** Exercise details **
In the records below, reproduce exactly the lines from the one containing "Aceh Provinsi Termiskin" through the one containing "Varanda da Sala", both included, and omit the pictures.

** Material shown **
※ ※ ※
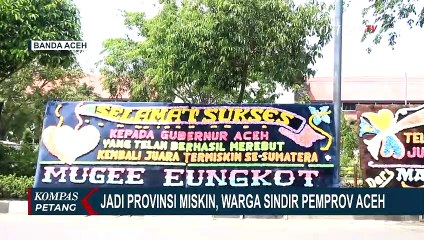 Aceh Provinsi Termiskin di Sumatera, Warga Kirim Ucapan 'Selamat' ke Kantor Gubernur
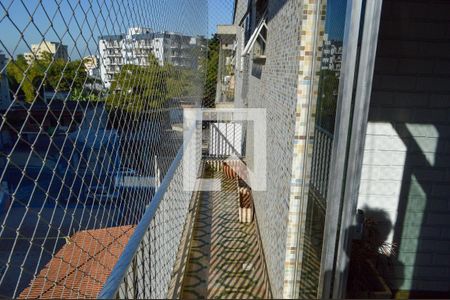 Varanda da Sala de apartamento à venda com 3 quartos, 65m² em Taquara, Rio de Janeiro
※ ※ ※
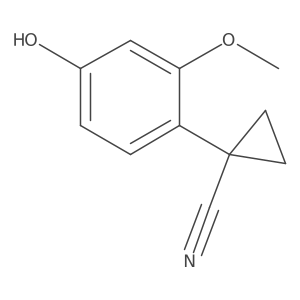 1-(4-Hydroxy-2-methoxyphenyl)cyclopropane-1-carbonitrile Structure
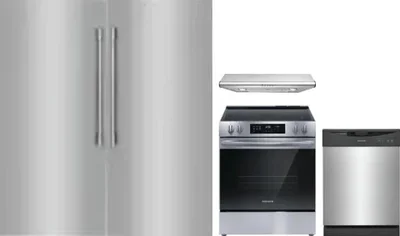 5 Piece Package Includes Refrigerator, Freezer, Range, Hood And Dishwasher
※ ※ ※
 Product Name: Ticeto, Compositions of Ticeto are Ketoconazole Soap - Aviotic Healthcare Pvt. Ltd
※ ※ ※
** Response for this exercise **
 Aceh Provinsi Termiskin di Sumatera, Warga Kirim Ucapan 'Selamat' ke Kantor Gubernur
 Varanda da Sala de apartamento à venda com 3 quartos, 65m² em Taquara, Rio de Janeiro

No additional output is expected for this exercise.